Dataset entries
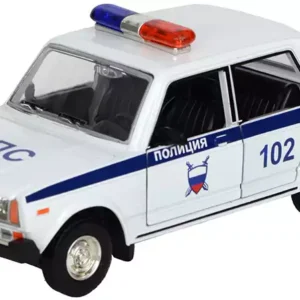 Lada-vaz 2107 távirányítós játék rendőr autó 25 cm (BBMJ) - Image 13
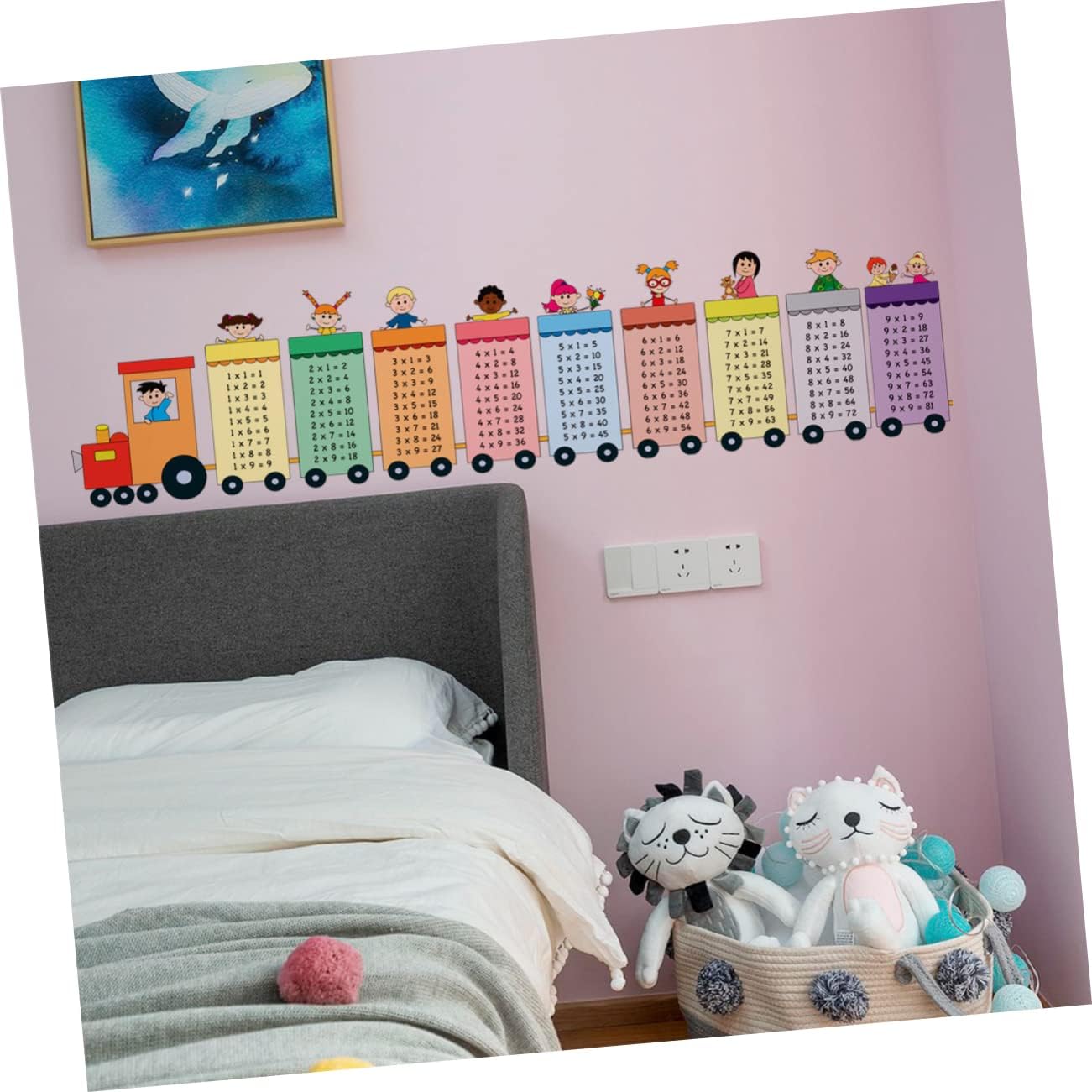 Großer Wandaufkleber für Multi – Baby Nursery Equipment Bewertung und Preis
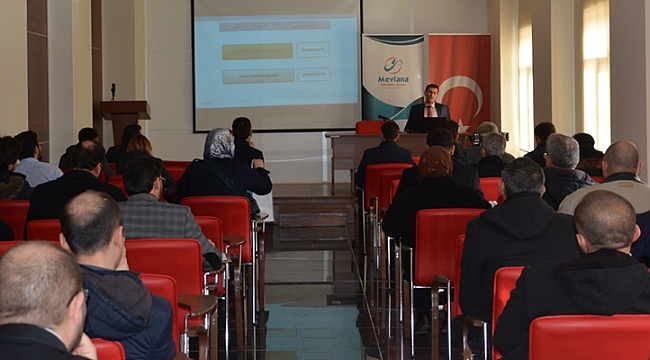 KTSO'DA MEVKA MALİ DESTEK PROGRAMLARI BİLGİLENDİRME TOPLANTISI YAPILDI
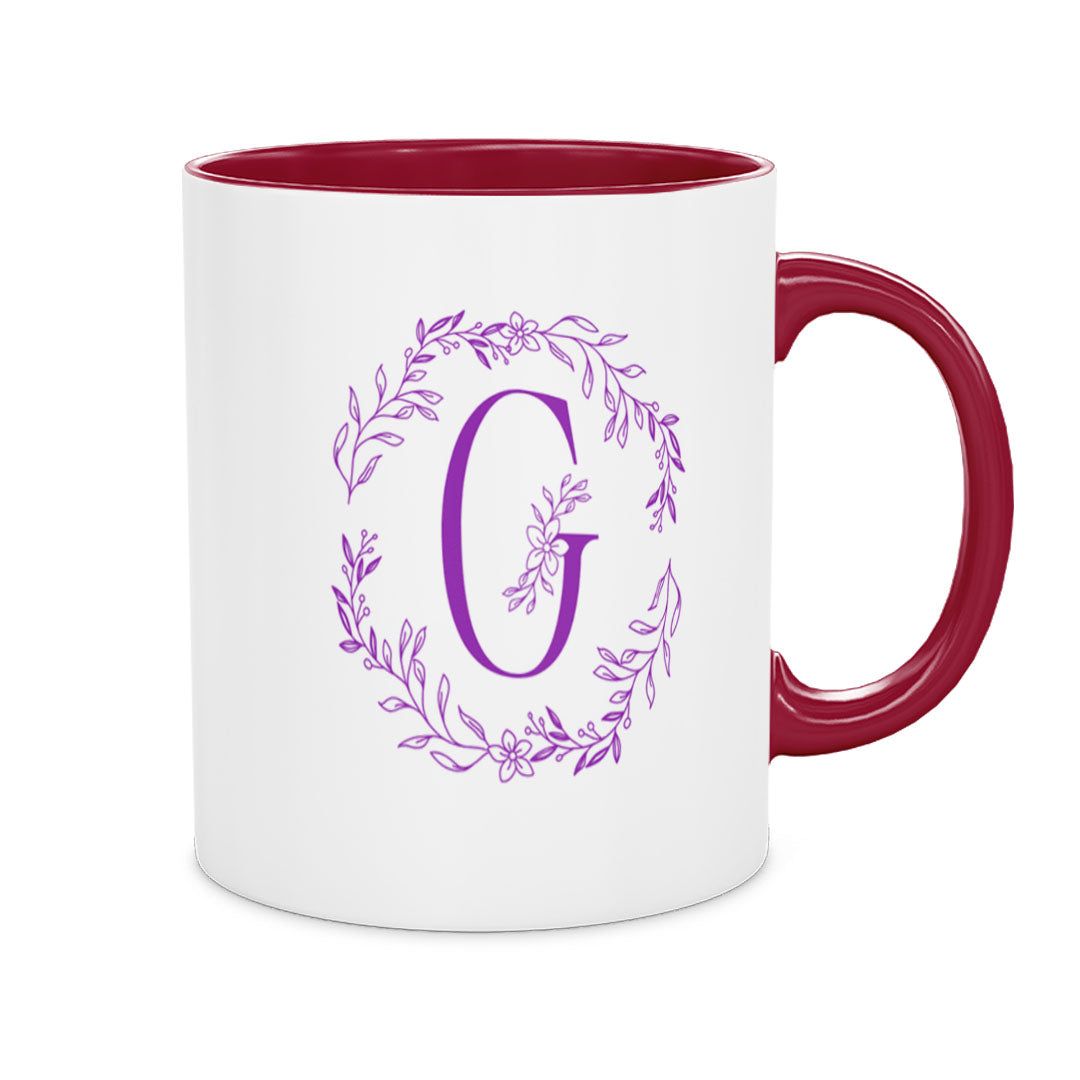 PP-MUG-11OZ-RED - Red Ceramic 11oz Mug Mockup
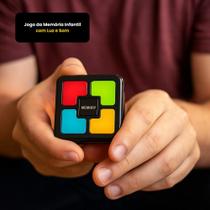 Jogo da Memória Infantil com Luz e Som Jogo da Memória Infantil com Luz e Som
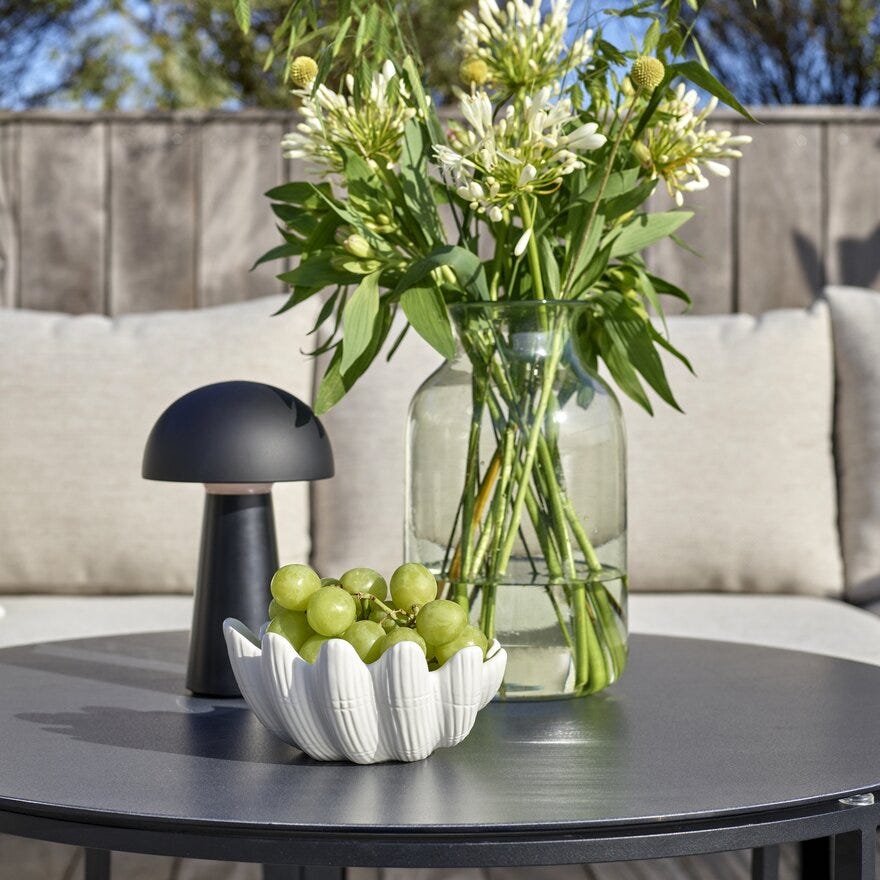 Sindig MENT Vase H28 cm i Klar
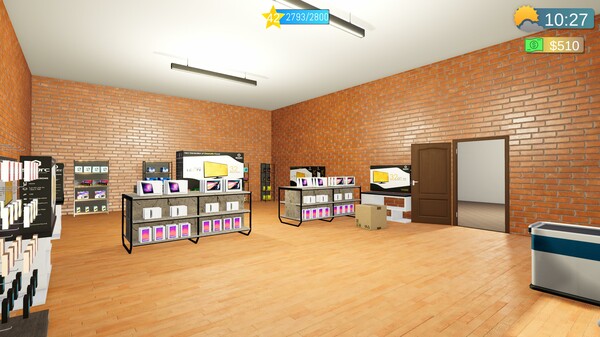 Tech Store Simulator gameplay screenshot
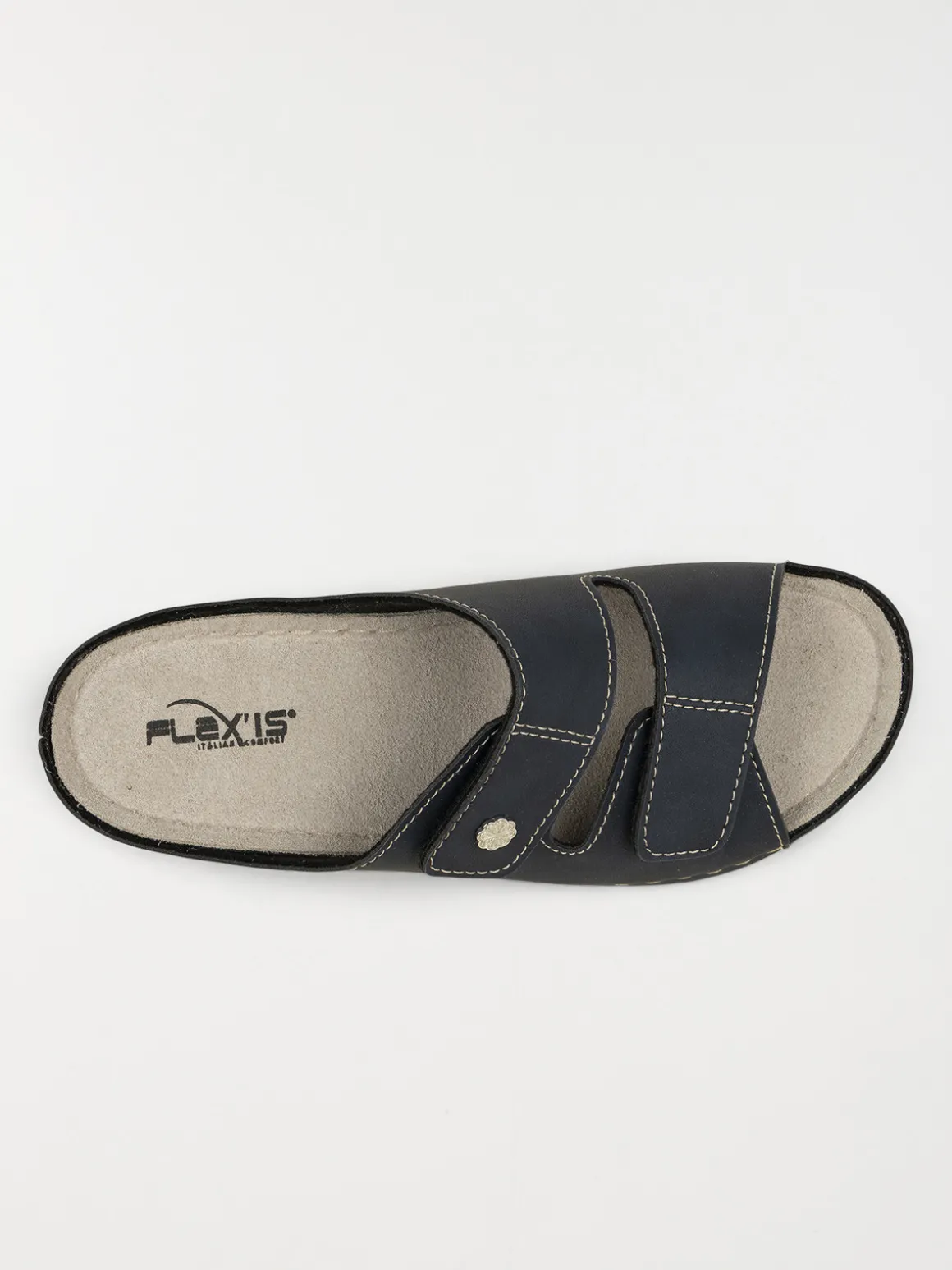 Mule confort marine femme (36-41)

*REQUIRED WORK*. Where an image appears in the data, skip it, and return the rest verbatim.

*EXERCISE RESULT*.
 Lada-vaz 2107 távirányítós játék rendőr autó 25 cm (BBMJ) - Image 13
 Großer Wandaufkleber für Multi – Baby Nursery Equipment Bewertung und Preis
 KTSO'DA MEVKA MALİ DESTEK PROGRAMLARI BİLGİLENDİRME TOPLANTISI YAPILDI
 PP-MUG-11OZ-RED - Red Ceramic 11oz Mug Mockup
 Jogo da Memória Infantil com Luz e Som Jogo da Memória Infantil com Luz e Som
 Sindig MENT Vase H28 cm i Klar
 Tech Store Simulator gameplay screenshot
 Mule confort marine femme (36-41)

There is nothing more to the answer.